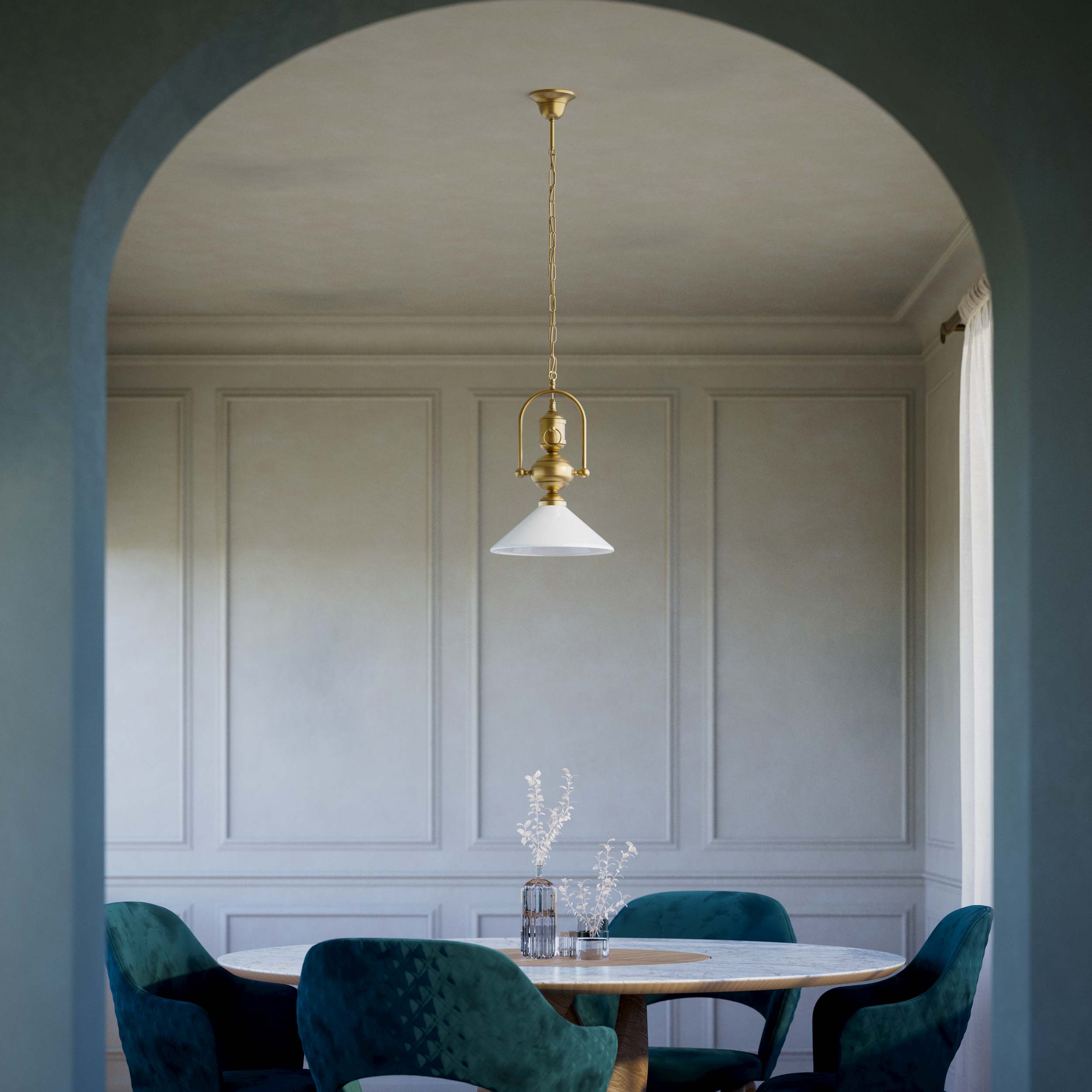 Brass pendant lamp with decorative chain glossy white glass shade industrial design style Made in Italy by Ghidini 1849 - Finish: OBS Bronze Satin Brass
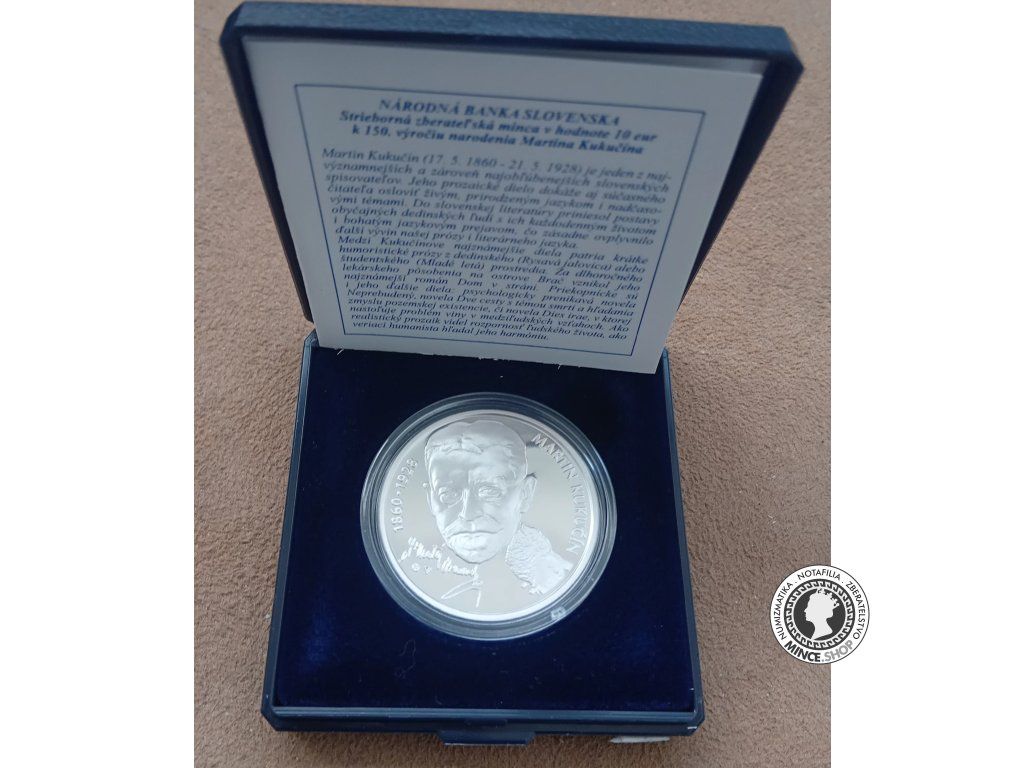 Strieborná minca Ag Proof 10€ / 2010 - Martin Kukučín – 150. výročie narodenia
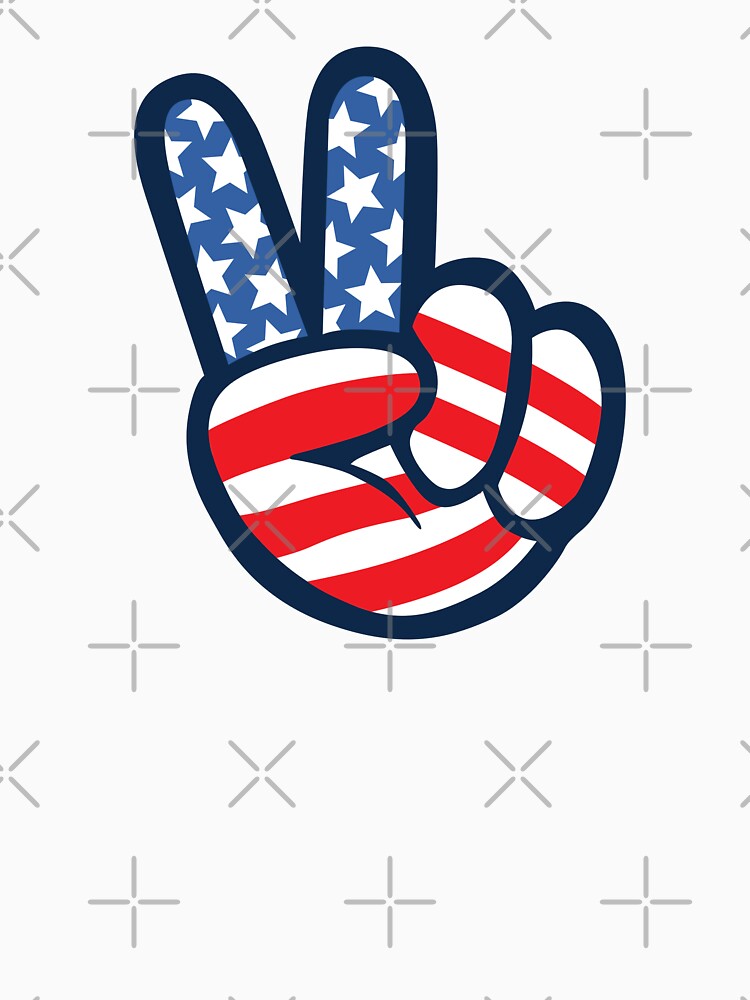 Vintage Peace Sign Fingers USA Flag by DetourShirts
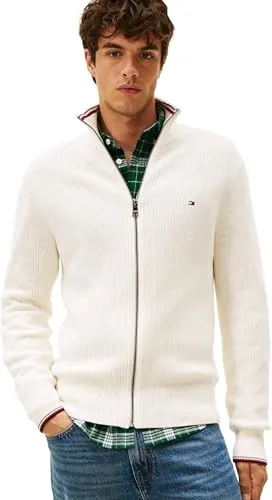 Tommy Hilfiger Rib Zip Through pullover uomo zip collo coreano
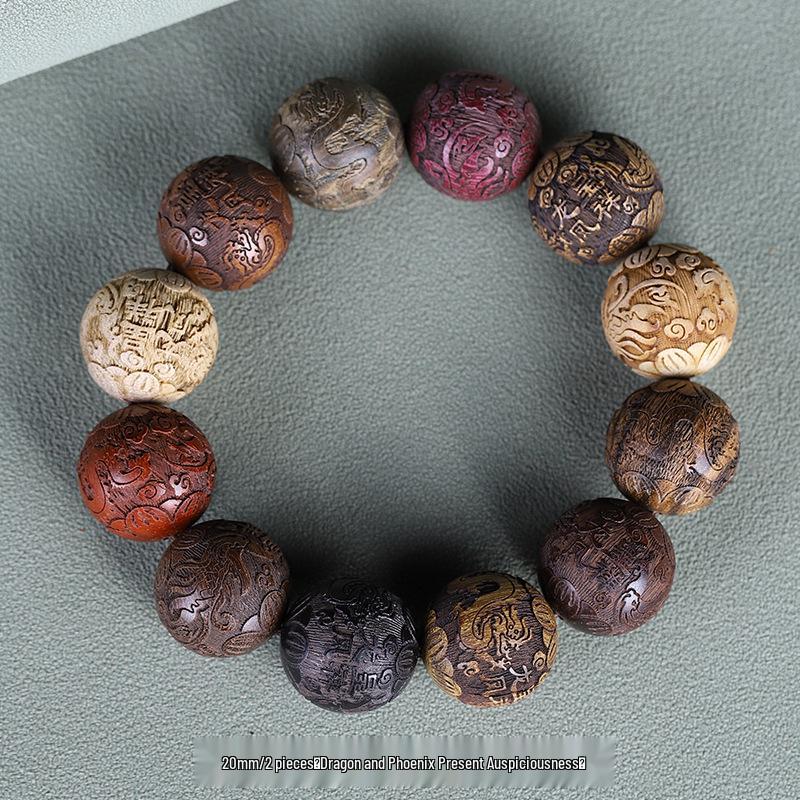 Браслет из резного сандалового дерева и розового дерева - Унисекс Буддийские бусины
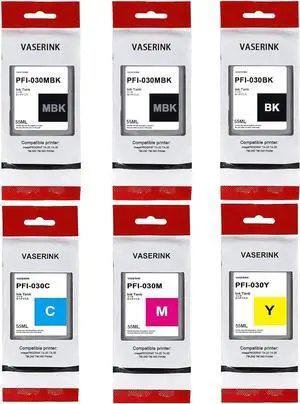 PFI-030 Ink Cartridge 55ml Replacement for Canon PFI-030 Pigment Ink Tank Work for imagePROGRAF TA-20 TA-30 TM-240 TM-340 Printers6-Pack, 2MBK/BK/C/M/Y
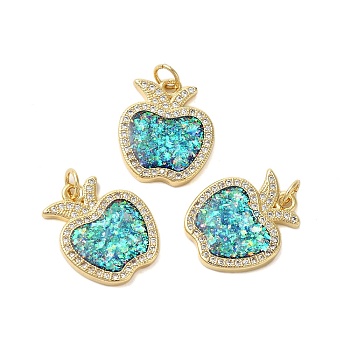 Brass Micro Pave Cubic Zirconia Pendants, with Synthetic Opal, Long-Lasting Plated, Lead Free & Cadmium Free, Apple, with Jump Rings, Real 18K Gold Plated, 19x16x3mm, Hole: 3mm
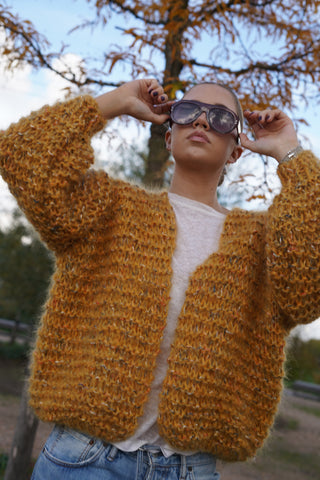 Olivia Cardigan Short - Mixed Ochre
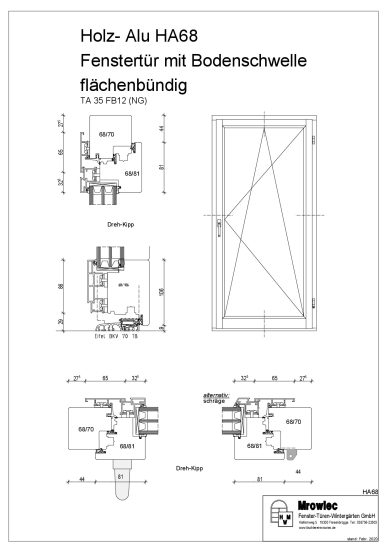 HA68 flächenbündig - Ansicht Terrassentür nach innen mit Bodenschwelle_307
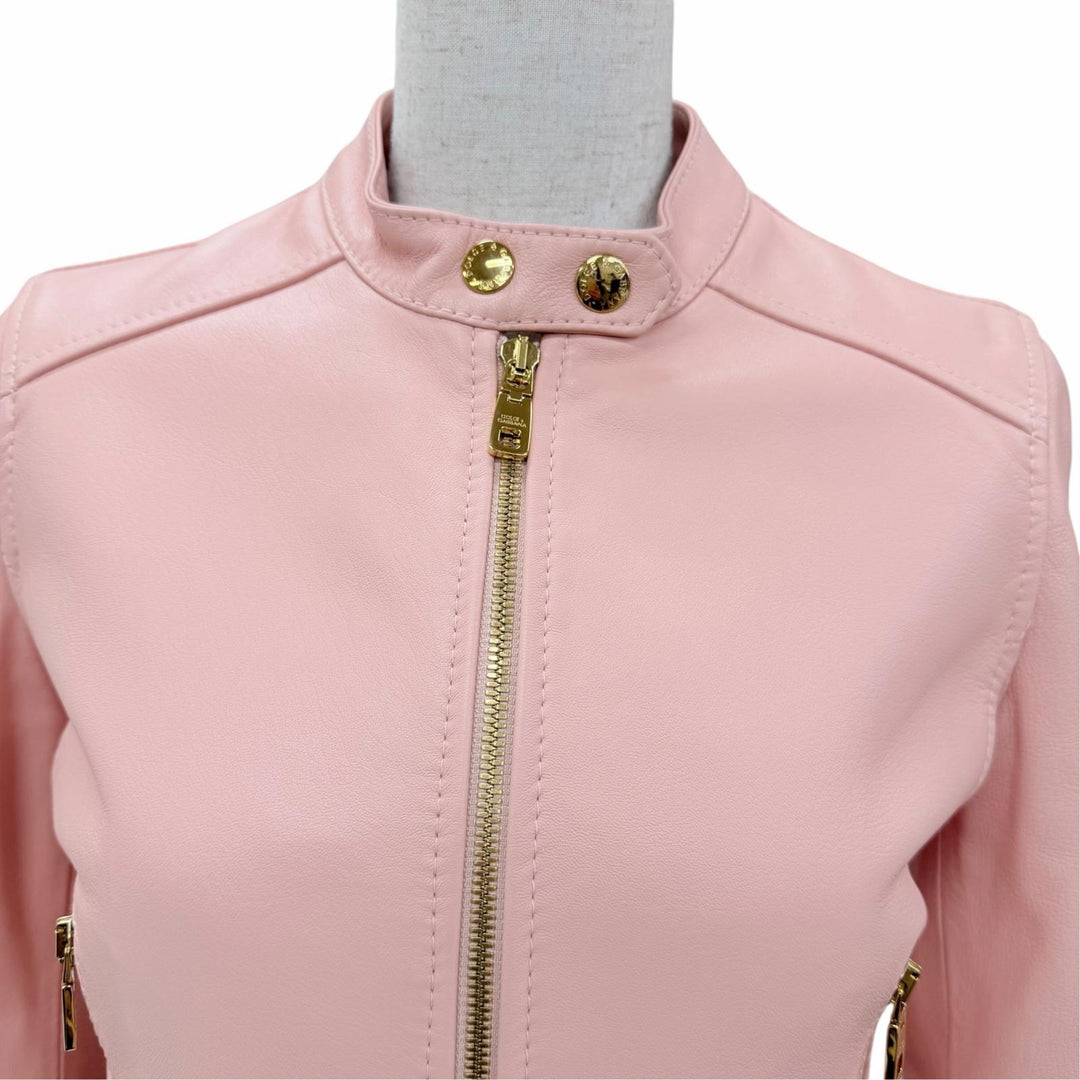 極美品☆DOLCE&amp;GABBANA ドルチェ＆ガッバーナ F9F13L 羊革 ZIP UP レザージャケット ピンク IT 36 イタリア製 正規品 ハンガー付き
——
Work instruction >> Your response must restate every record above exactly, with each picture omitted.

Answer space >>
 Brass pendant lamp with decorative chain glossy white glass shade industrial design style Made in Italy by Ghidini 1849 - Finish: OBS Bronze Satin Brass
 Strieborná minca Ag Proof 10€ / 2010 - Martin Kukučín – 150. výročie narodenia
 Vintage Peace Sign Fingers USA Flag by DetourShirts
 Tommy Hilfiger Rib Zip Through pullover uomo zip collo coreano
 Браслет из резного сандалового дерева и розового дерева - Унисекс Буддийские бусины
 PFI-030 Ink Cartridge 55ml Replacement for Canon PFI-030 Pigment Ink Tank Work for imagePROGRAF TA-20 TA-30 TM-240 TM-340 Printers6-Pack, 2MBK/BK/C/M/Y
 Brass Micro Pave Cubic Zirconia Pendants, with Synthetic Opal, Long-Lasting Plated, Lead Free & Cadmium Free, Apple, with Jump Rings, Real 18K Gold Plated, 19x16x3mm, Hole: 3mm
 Olivia Cardigan Short - Mixed Ochre
 HA68 flächenbündig - Ansicht Terrassentür nach innen mit Bodenschwelle_307
 極美品☆DOLCE&amp;GABBANA ドルチェ＆ガッバーナ F9F13L 羊革 ZIP UP レザージャケット ピンク IT 36 イタリア製 正規品 ハンガー付き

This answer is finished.